YOUR GOAL: Only those lines in the data below from the line containing "Блютуз колонка 18V JCB JCB-18BT-B-E" through the line containing "Matti Beach Town", both included, should be restated word for word.

GIVEN RECORDS:
+++++
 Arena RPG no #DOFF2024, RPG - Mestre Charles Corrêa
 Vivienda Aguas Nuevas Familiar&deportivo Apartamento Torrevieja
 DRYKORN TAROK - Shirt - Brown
+++++
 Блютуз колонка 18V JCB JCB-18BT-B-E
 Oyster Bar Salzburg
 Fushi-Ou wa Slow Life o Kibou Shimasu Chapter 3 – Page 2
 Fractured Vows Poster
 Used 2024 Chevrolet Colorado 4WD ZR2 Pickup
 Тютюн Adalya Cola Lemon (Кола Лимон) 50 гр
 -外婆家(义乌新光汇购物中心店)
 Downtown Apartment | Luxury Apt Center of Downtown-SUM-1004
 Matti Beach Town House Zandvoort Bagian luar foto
+++++
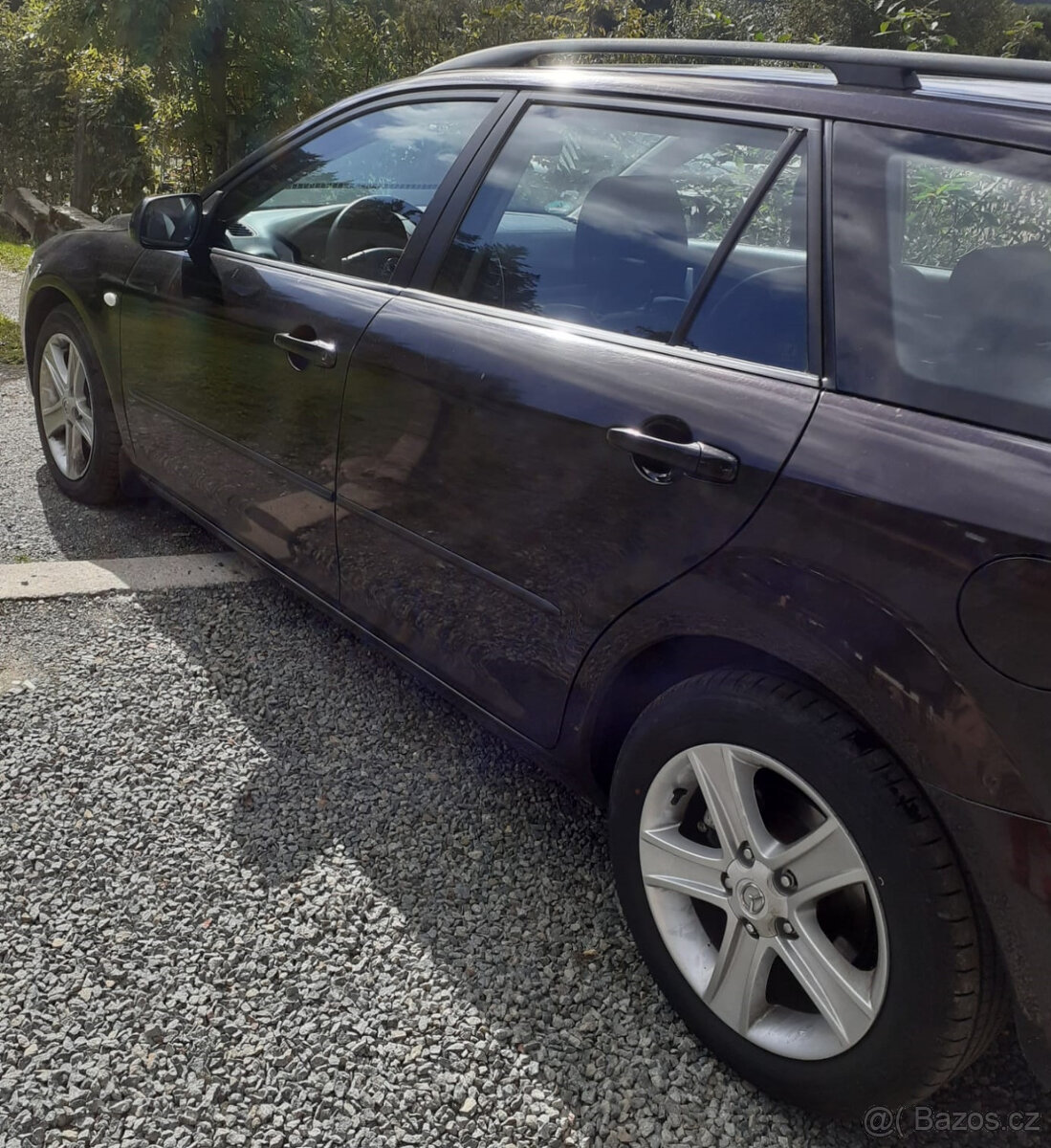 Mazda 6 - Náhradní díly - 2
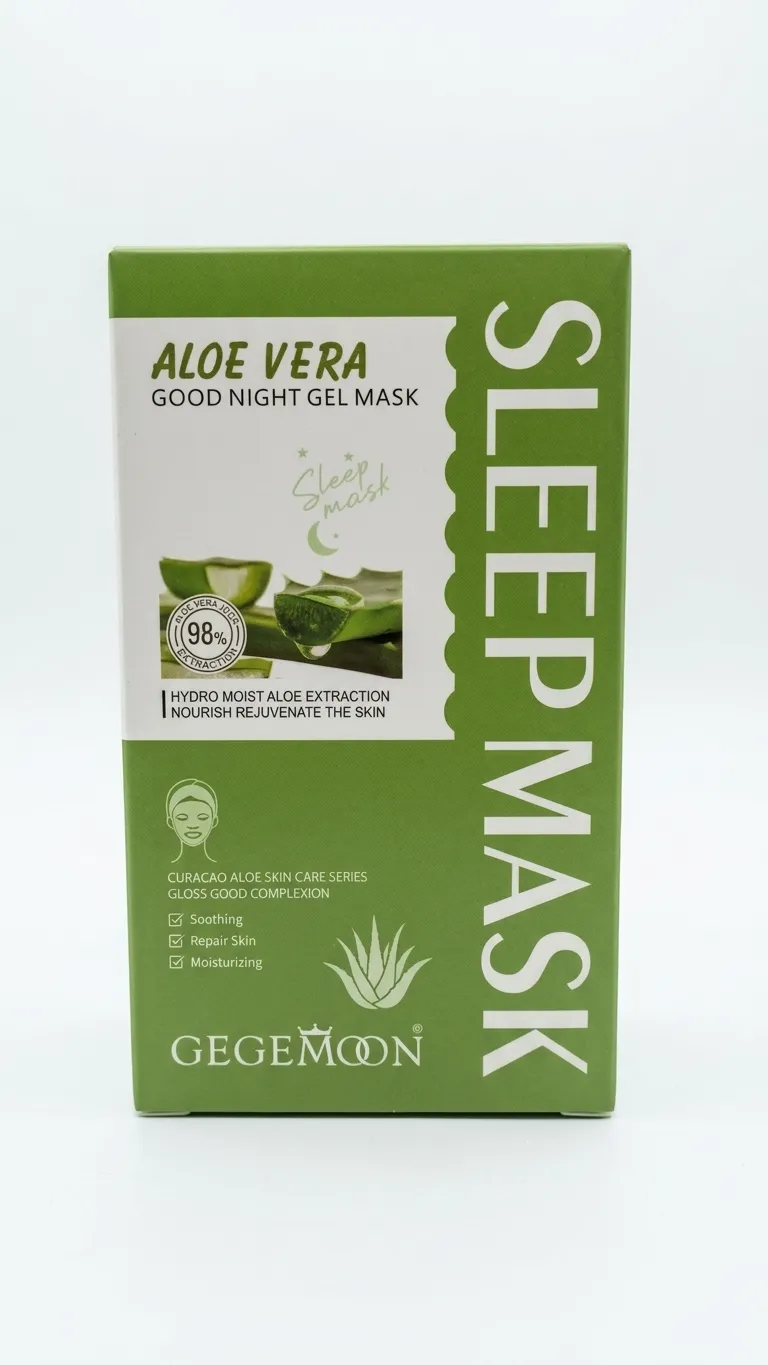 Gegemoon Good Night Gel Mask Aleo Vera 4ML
+++++
YOUR RESPONSE:
 Блютуз колонка 18V JCB JCB-18BT-B-E
 Oyster Bar Salzburg
 Fushi-Ou wa Slow Life o Kibou Shimasu Chapter 3 – Page 2
 Fractured Vows Poster
 Used 2024 Chevrolet Colorado 4WD ZR2 Pickup
 Тютюн Adalya Cola Lemon (Кола Лимон) 50 гр
 -外婆家(义乌新光汇购物中心店)
 Downtown Apartment | Luxury Apt Center of Downtown-SUM-1004
 Matti Beach Town House Zandvoort Bagian luar foto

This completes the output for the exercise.